The prospective observational study involved 3,018 COVID-positive athletes from 42 colleges or universities across 26 sports. Data on the “prevalence, clinical characteristics, and outcomes of SARS-CoV-2 cardiac involvement” were collected from Sept. 1, 2020 to Dec. 21, 2020.
Most of the athletes (2,820) received at least one of the three screening protocols that consist of an electrocardiogram, an echocardiogram (ultrasound), or a blood test for troponin protein, followed by a cardiac MRI (magnetic resonance imaging) if “clinically indicated.” The rest of the 198 athletes underwent only a cardiac MRI.
The authors found a probable, possible, or definite myocarditis, or inflammation of the heart muscle, in 21 of the 3,018 athletes (0.7 percent) who had tested positive for COVID-19, a disease caused by the CCP (Chinese Communist Party) virus.
“SARS-CoV-2 infection among young competitive athletes is associated with a low prevalence of cardiac involvement and a low risk of clinical events in short term follow-up,” the authors wrote.
No athlete diagnosed with heart “involvement had an adverse cardiac event through the follow-up period (a median of 113 days).” There was one adverse cardiac reaction, but that was determined to be unrelated to COVID-19.
The study also showed that athletes with cardiac injury were more likely to experience moderate COVID-19 and/or cardiopulmonary symptoms, suggesting that those with mild symptoms or are asymptomatic may not need to undergo the cardiac screenings to return to play.
Moderate symptoms included fever, chills, muscle pain, or having COVID toes or fingers, while cardiopulmonary symptoms involved palpitations, chest pain, shortness of breath, or exercise intolerance.
The study is the largest one to date, with four times more athletes (where 32 percent were women) than an earlier professional athlete study, which had a similar conclusion, that there were “few cases (0.6 percent) of inflammatory heart disease” in the 789 athletes who tested positive for COVID-19.
Dr. Mathew Martinez, director of Atlantic Health System Sports Cardiology at Morristown Medical Center and the main author of the professional athlete study, told USA Today: “If you have no symptoms or just antibodies, we know that the value of identifying that group (cardiac injury) is virtually zero. With mild symptoms, we’re not finding a lot of cardiovascular complications.”

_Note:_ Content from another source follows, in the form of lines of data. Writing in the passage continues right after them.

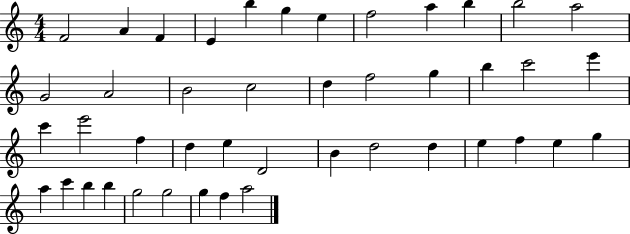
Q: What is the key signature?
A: C major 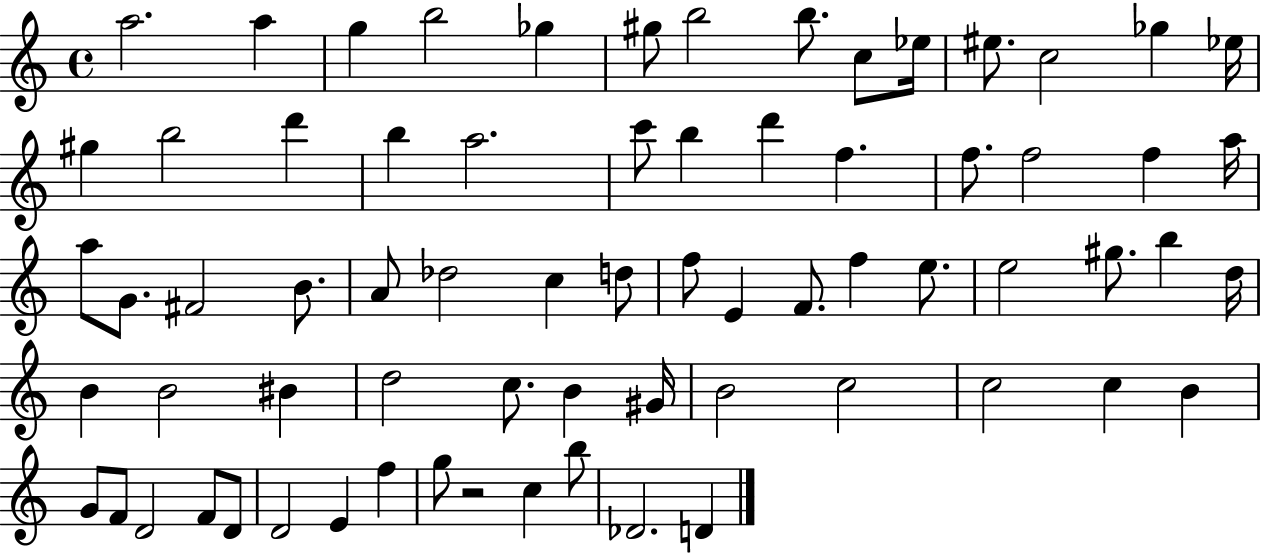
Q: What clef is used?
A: treble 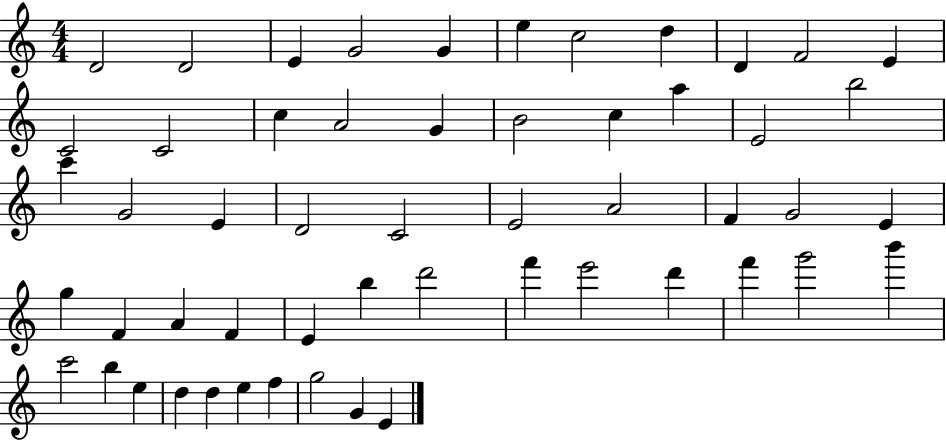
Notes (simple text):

D4/h D4/h E4/q G4/h G4/q E5/q C5/h D5/q D4/q F4/h E4/q C4/h C4/h C5/q A4/h G4/q B4/h C5/q A5/q E4/h B5/h C6/q G4/h E4/q D4/h C4/h E4/h A4/h F4/q G4/h E4/q G5/q F4/q A4/q F4/q E4/q B5/q D6/h F6/q E6/h D6/q F6/q G6/h B6/q C6/h B5/q E5/q D5/q D5/q E5/q F5/q G5/h G4/q E4/q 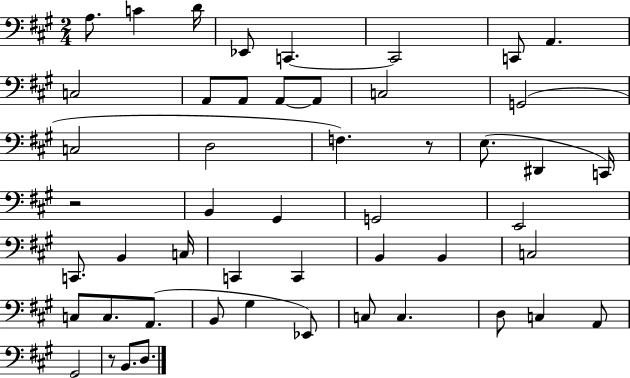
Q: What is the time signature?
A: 2/4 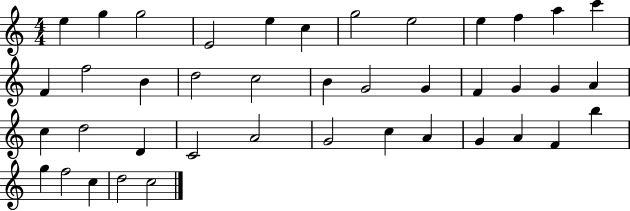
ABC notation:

X:1
T:Untitled
M:4/4
L:1/4
K:C
e g g2 E2 e c g2 e2 e f a c' F f2 B d2 c2 B G2 G F G G A c d2 D C2 A2 G2 c A G A F b g f2 c d2 c2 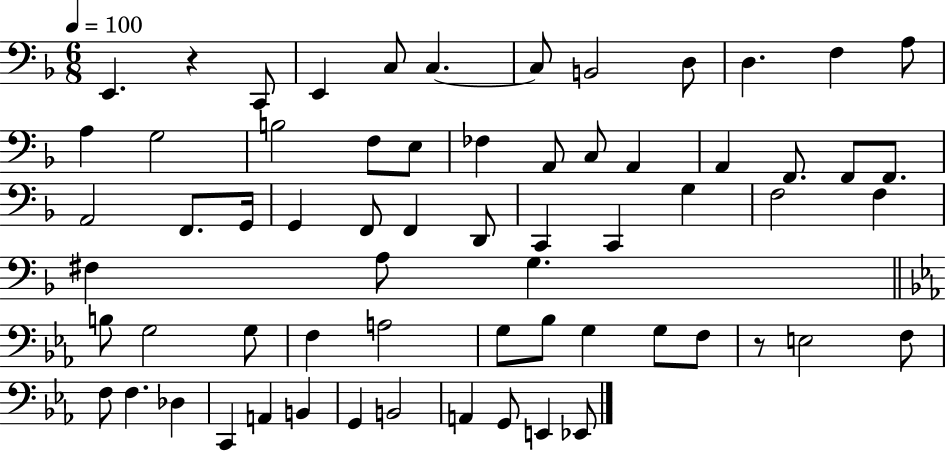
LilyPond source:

{
  \clef bass
  \numericTimeSignature
  \time 6/8
  \key f \major
  \tempo 4 = 100
  e,4. r4 c,8 | e,4 c8 c4.~~ | c8 b,2 d8 | d4. f4 a8 | \break a4 g2 | b2 f8 e8 | fes4 a,8 c8 a,4 | a,4 f,8. f,8 f,8. | \break a,2 f,8. g,16 | g,4 f,8 f,4 d,8 | c,4 c,4 g4 | f2 f4 | \break fis4 a8 g4. | \bar "||" \break \key ees \major b8 g2 g8 | f4 a2 | g8 bes8 g4 g8 f8 | r8 e2 f8 | \break f8 f4. des4 | c,4 a,4 b,4 | g,4 b,2 | a,4 g,8 e,4 ees,8 | \break \bar "|."
} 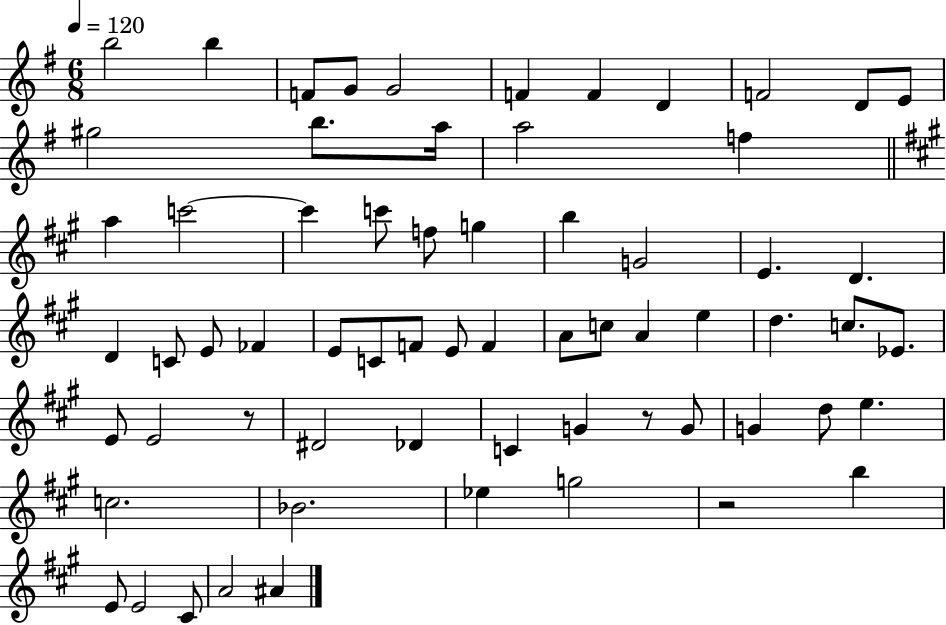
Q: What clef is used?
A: treble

“If you’re young and otherwise healthy and an athlete and you’re asymptomatic or mild, what you need is rest for a couple of weeks, any additional tests, return to exercise and if you have no symptoms, off you go,” he added.
Acute myocarditis, although rare, is a risk factor for sudden cardiac death (SCD) in athletes and is usually caused by a viral infection, where the symptoms are “preceded a few days to weeks by a flu-like illness,” according to a report on the National Organization for Rare Disorders. Between .05 and 3.5 percent of hospitalizations due to heart failure were a result of cardiac inflammation.

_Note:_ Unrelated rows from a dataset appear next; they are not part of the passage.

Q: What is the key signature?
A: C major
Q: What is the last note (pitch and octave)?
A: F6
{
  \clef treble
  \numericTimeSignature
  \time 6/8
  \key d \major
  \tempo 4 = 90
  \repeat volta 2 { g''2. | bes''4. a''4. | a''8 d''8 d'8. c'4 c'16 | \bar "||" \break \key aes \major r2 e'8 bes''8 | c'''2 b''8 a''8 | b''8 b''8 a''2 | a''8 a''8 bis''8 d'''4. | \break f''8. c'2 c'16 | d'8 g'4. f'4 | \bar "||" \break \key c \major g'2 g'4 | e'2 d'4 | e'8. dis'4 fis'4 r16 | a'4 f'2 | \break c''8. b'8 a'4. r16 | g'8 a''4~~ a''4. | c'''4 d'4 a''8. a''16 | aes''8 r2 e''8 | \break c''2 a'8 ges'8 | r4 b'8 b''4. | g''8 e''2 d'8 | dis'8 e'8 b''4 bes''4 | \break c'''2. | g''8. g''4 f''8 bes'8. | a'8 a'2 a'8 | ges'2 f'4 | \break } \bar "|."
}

Myocarditis “represents the third most common cause” of SCD. “In post-mortem studies of athletes who died from SCD, myocarditis was diagnosed in up to 8%,” authors said in an article published in the Journal of the American College of Cardiology: Cardiovascular Imaging.

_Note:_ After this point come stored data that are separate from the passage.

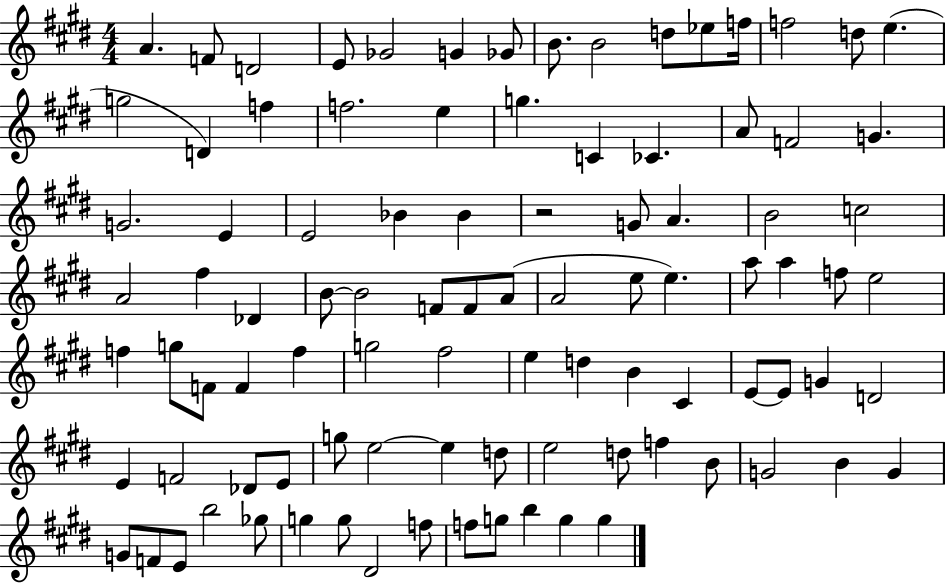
{
  \clef treble
  \numericTimeSignature
  \time 4/4
  \key e \major
  a'4. f'8 d'2 | e'8 ges'2 g'4 ges'8 | b'8. b'2 d''8 ees''8 f''16 | f''2 d''8 e''4.( | \break g''2 d'4) f''4 | f''2. e''4 | g''4. c'4 ces'4. | a'8 f'2 g'4. | \break g'2. e'4 | e'2 bes'4 bes'4 | r2 g'8 a'4. | b'2 c''2 | \break a'2 fis''4 des'4 | b'8~~ b'2 f'8 f'8 a'8( | a'2 e''8 e''4.) | a''8 a''4 f''8 e''2 | \break f''4 g''8 f'8 f'4 f''4 | g''2 fis''2 | e''4 d''4 b'4 cis'4 | e'8~~ e'8 g'4 d'2 | \break e'4 f'2 des'8 e'8 | g''8 e''2~~ e''4 d''8 | e''2 d''8 f''4 b'8 | g'2 b'4 g'4 | \break g'8 f'8 e'8 b''2 ges''8 | g''4 g''8 dis'2 f''8 | f''8 g''8 b''4 g''4 g''4 | \bar "|."
}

Symptoms of myocarditis include chest pain, abnormal heartbeat, shortness of breath, and light-headedness. The heart disorder affects young men aged 20 to 40 more frequently than women. Individuals diagnosed with myocarditis are advised to avoid strenuous exercise for at least three to six months.
An earlier study that was published last fall found a much higher rate of post-COVID-19 myocarditis in college athletes. Out of the 26 Ohio State athletes, four showed signs suggestive of heart inflammation or 15 percent. The study was limited in its small participant size, not having controls, and that athletes were tested at different times after being diagnosed.
Medical experts say that the large collegiate athlete study may help colleges and competitive sports associations improve screening protocols for heart-related issues in athletes who have tested positive for COVID-19, rather than conducting blanket testing for every athlete that is COVID-positive regardless if they experience only mild or no symptoms and have no issues with exercising when fully recovered.
Authors of the study say that long-term clinical follow-up is important and “underscore the need for on-going clinical surveillance of this cohort.”